Future studies must evaluate outcomes other than survival: formal long-term quality-of-life measurement is vital and may be what is most important to patients. (This has been done only in a very limited way in 2 of the prior observational studies; Carson et al assessed whether patients are independent and ambulatory at 1 year1 and Nasraway et al provide results of patients’ own rating of their overall health.2) Other outcomes such as time to liberation from ventilation, time to discharge to home, rehospitalization (to acute care facilities), and cost analyses are due. The next investigations must also move further toward identifying additional factors associated with outcome and, more importantly, prospectively evaluating these to see whether they are indeed predictive of specific outcomes. Multicenter studies would supply the large numbers of patients required to address these questions in a reasonable time period and would allay some of the issues of generalizability raised by single-center reports. (At least 1 multi-center study is currently on-going.3)
There are also inadequate data available on the long-term outcomes of patients requiring prolonged mechanical ventilation but being cared for in an acute care ICU rather than a specialized weaning unit. In some regions of the country, this is the only alternative for care for patients requiring prolonged ventilation. It is imperative to determine whether outcomes differ between these 2 settings. This may help to guide future resource allocation and may affect development of facilities for chronic patient care.
Stoller et al’s report supports and strengthens the existing observational data on long-term outcomes after prolonged mechanical ventilation. More importantly, though, their work serves as a reminder of the data that we are lacking. I hope this study will inspire and drive us to carefully consider the most appropriate future directions for this area of research. I hope it will be the impetus for developing and carrying out those investigations!

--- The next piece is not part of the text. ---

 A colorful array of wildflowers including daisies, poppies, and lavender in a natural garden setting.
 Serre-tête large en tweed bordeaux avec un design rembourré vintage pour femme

Dr. Akhtar, Pulmonary and Critical Care Medicine Yale University School of Medicine
1. Carson SS, et al. Outcomes after long term acute care: An analysis of 133 mechanically ventilated patients. Am J Resp Crit Care Med. 1999;159(5):1569-1577.
2. Nasraway SA, et al. Survivors of catastrophic illness: Outcome of direct transfer from intensive care to extended care facilities. Crit Care Med. 2000;28(1): 19-25.
3. Scheinhorn DJ, et al. Liberation from prolonged mechanical ventilation. Crit Care Clin. 2002; 18(3):569-595.